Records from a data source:
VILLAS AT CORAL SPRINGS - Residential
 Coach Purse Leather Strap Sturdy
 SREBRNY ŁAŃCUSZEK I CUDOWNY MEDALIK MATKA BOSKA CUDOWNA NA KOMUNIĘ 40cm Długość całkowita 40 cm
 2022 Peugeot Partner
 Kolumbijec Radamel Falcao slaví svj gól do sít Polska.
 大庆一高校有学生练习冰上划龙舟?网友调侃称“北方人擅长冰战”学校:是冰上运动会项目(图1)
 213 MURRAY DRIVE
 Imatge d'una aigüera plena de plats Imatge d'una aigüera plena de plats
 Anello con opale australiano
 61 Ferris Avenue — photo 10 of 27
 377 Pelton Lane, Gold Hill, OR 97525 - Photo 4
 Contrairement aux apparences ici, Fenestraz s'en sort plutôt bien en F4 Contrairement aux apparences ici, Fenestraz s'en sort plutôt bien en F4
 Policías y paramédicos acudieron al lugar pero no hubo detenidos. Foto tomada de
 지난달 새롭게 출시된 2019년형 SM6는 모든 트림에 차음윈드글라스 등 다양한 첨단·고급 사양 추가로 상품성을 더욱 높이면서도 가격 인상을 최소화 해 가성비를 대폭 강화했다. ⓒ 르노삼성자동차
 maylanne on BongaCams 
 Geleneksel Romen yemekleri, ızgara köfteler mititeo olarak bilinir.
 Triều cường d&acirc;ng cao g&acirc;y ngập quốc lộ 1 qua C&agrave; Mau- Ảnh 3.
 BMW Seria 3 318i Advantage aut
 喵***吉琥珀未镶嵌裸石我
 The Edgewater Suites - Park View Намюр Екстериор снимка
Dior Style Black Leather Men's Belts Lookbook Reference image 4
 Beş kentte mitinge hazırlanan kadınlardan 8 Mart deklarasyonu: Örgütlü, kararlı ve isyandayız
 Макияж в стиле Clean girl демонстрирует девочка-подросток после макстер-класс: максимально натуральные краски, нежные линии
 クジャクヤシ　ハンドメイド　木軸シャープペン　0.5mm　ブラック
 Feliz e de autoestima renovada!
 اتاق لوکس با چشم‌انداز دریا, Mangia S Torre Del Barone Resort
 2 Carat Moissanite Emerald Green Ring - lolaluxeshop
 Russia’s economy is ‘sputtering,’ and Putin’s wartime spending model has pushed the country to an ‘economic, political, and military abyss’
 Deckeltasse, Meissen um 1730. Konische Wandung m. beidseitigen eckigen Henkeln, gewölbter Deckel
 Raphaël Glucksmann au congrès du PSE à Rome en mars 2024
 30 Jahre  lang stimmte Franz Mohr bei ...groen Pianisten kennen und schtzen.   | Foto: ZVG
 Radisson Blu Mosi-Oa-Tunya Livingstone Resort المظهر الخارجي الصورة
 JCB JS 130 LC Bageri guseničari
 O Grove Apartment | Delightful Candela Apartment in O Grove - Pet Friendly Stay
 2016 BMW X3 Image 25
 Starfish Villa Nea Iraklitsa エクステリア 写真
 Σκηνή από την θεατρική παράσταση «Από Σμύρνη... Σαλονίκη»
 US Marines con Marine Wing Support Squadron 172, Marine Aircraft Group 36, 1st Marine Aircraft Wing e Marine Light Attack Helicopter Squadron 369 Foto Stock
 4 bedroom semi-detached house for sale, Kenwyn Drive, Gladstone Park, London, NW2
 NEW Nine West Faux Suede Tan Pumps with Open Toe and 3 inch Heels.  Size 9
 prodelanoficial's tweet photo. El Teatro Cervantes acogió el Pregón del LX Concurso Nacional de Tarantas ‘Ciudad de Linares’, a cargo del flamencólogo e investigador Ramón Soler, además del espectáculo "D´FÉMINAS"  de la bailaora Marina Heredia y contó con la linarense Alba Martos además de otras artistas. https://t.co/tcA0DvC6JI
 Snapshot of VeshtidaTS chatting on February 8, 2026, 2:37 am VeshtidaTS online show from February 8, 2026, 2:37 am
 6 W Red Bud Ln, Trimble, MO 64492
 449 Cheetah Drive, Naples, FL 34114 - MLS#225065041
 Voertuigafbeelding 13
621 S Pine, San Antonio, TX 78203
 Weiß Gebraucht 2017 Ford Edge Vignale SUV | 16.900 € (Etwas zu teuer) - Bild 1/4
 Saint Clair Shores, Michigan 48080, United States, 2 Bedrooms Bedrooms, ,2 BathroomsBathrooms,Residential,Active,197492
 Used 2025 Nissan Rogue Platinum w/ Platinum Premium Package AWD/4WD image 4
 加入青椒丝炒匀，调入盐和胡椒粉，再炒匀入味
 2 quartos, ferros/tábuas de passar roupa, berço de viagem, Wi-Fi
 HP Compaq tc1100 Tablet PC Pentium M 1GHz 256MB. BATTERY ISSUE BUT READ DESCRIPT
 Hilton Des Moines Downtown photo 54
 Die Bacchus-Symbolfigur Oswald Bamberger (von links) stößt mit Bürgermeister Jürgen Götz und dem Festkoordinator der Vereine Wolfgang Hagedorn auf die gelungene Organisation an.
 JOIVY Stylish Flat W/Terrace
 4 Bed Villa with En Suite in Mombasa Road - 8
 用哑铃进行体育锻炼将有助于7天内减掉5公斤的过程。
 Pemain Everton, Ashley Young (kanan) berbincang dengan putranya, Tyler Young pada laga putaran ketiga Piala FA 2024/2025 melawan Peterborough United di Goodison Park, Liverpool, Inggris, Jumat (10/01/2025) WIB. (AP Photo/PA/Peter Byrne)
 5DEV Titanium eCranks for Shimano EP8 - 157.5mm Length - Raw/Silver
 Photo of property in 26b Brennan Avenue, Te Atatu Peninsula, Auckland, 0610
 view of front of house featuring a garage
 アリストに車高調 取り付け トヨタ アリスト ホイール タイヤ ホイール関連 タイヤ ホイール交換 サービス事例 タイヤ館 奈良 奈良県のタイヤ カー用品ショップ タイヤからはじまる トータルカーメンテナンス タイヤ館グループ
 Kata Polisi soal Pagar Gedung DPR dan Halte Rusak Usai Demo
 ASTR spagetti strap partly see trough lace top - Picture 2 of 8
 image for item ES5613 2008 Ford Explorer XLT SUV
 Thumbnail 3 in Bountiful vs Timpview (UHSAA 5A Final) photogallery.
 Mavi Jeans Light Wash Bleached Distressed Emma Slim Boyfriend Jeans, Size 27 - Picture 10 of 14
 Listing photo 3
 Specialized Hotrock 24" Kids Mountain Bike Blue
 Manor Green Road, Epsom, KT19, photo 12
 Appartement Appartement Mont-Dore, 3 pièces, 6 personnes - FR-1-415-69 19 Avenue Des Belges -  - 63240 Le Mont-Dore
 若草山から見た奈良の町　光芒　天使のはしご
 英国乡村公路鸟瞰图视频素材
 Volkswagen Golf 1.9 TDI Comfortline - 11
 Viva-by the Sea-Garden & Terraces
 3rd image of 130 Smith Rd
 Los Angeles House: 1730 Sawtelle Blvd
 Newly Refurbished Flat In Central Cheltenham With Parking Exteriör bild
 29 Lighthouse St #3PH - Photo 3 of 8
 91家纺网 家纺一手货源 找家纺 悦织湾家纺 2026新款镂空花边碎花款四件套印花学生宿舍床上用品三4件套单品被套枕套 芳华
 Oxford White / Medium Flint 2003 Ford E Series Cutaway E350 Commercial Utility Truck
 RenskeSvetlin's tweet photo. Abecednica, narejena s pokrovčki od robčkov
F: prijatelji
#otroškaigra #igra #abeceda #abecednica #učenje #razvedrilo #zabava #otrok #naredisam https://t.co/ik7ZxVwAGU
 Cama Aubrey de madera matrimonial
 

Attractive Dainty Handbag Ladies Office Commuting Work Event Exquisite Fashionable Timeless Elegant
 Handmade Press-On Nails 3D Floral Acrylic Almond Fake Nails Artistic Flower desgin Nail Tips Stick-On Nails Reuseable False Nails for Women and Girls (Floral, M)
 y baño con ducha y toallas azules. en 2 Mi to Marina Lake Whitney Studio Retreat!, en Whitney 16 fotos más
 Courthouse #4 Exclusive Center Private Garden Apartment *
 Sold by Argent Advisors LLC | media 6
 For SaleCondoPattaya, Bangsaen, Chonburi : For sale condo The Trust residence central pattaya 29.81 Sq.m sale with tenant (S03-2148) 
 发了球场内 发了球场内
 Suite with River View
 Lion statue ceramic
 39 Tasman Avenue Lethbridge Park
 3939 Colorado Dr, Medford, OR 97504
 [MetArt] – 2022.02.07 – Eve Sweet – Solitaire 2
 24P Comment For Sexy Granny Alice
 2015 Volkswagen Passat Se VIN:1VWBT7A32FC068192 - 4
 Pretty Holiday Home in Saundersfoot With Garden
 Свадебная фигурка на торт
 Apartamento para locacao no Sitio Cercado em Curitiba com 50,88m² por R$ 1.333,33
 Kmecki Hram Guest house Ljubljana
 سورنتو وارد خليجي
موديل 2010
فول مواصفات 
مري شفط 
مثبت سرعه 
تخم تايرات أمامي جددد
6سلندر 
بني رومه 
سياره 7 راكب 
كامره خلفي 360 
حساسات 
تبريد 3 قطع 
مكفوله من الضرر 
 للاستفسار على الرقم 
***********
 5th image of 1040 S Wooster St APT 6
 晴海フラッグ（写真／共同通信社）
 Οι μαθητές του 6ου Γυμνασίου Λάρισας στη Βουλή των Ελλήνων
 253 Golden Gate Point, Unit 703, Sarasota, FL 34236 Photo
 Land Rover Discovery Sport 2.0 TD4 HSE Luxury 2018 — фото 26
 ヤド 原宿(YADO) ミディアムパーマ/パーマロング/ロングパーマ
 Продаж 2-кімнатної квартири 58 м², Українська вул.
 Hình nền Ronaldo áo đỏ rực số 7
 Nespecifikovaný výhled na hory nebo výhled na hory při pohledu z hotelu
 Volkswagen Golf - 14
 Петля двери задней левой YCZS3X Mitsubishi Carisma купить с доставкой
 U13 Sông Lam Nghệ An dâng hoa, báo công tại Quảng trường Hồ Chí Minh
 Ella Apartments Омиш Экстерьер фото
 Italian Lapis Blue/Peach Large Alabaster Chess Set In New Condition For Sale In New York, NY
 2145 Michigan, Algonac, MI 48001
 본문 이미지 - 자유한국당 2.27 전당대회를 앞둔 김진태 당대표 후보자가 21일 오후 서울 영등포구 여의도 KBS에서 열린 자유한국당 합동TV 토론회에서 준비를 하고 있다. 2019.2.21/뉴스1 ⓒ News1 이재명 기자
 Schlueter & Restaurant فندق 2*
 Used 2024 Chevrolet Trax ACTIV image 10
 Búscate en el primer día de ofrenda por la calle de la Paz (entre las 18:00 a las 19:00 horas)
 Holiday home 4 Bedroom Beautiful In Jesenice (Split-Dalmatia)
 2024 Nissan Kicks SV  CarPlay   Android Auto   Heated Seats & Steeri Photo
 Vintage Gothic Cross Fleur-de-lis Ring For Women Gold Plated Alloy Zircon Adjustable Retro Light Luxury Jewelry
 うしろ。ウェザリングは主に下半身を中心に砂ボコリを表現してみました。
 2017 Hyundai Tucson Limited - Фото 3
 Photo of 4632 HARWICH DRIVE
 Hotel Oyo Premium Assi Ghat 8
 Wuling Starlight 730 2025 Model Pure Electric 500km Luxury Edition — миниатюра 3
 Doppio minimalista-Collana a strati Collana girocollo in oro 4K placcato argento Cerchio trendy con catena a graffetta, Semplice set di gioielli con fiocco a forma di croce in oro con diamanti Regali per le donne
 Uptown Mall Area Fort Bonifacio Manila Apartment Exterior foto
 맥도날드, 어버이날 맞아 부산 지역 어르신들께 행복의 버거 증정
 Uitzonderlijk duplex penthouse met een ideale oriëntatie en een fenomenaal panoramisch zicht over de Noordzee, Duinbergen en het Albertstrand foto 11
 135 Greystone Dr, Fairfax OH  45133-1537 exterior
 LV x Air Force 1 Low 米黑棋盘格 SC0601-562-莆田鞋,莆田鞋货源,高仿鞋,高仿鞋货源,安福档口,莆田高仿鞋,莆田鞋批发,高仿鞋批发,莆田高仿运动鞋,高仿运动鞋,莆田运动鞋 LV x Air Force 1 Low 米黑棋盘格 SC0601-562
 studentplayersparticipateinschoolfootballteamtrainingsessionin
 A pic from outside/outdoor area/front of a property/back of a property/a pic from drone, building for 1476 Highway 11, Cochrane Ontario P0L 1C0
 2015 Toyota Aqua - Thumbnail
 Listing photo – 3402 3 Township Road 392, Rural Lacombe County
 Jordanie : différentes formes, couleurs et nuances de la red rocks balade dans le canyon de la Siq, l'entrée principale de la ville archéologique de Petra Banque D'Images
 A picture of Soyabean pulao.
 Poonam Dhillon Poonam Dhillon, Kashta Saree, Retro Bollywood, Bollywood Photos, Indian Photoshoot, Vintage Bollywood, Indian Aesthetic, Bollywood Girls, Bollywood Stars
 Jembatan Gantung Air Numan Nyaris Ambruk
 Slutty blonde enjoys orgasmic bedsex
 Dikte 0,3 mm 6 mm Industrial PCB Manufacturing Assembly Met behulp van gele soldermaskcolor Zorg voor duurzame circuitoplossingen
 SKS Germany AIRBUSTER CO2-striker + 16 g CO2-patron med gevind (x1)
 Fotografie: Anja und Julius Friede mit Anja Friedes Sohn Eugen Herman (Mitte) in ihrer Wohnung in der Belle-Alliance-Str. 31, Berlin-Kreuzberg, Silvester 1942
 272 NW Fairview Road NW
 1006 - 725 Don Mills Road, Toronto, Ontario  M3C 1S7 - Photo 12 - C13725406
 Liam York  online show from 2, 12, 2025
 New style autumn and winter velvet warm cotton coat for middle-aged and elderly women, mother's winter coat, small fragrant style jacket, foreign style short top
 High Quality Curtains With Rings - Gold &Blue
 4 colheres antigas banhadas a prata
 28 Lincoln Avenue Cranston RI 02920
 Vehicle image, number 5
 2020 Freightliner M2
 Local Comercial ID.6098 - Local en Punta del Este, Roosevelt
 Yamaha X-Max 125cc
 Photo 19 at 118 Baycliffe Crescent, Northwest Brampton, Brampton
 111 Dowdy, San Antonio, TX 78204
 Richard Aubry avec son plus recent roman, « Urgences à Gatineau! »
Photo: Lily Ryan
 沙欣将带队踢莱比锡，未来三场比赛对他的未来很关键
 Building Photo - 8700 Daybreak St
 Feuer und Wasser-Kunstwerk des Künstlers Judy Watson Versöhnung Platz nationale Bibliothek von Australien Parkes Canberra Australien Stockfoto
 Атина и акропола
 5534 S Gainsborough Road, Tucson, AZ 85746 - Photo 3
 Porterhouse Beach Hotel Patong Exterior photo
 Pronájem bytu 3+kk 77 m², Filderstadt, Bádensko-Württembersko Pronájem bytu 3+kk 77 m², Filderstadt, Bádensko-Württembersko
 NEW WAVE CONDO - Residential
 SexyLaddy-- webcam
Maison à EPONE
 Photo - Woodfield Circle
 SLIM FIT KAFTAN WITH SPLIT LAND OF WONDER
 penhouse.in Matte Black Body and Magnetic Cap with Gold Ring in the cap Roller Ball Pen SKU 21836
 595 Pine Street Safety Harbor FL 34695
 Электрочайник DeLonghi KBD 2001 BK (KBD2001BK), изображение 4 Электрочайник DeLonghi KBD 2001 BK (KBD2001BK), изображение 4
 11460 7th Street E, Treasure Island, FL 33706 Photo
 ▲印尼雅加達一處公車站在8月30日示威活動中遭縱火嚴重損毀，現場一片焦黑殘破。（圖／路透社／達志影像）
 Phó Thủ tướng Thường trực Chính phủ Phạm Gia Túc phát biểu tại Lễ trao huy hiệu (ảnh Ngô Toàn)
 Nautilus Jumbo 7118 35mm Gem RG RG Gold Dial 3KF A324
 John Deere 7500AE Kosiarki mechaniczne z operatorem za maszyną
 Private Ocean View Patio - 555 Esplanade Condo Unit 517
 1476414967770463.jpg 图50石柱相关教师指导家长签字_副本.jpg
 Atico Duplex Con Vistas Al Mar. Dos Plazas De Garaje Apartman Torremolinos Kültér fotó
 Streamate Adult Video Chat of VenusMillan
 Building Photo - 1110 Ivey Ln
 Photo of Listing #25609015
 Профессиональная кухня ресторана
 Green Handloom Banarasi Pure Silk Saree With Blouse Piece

• **Task statement**
Would you please copy exactly the part of the entries above that begins at the line containing "A picture of Soyabean pulao." and ends at the line containing "Slutty blonde enjoys orgasmic bedsex", both lines included?

• **Solution to the problem**
 A picture of Soyabean pulao.
 Poonam Dhillon Poonam Dhillon, Kashta Saree, Retro Bollywood, Bollywood Photos, Indian Photoshoot, Vintage Bollywood, Indian Aesthetic, Bollywood Girls, Bollywood Stars
 Jembatan Gantung Air Numan Nyaris Ambruk
 Slutty blonde enjoys orgasmic bedsex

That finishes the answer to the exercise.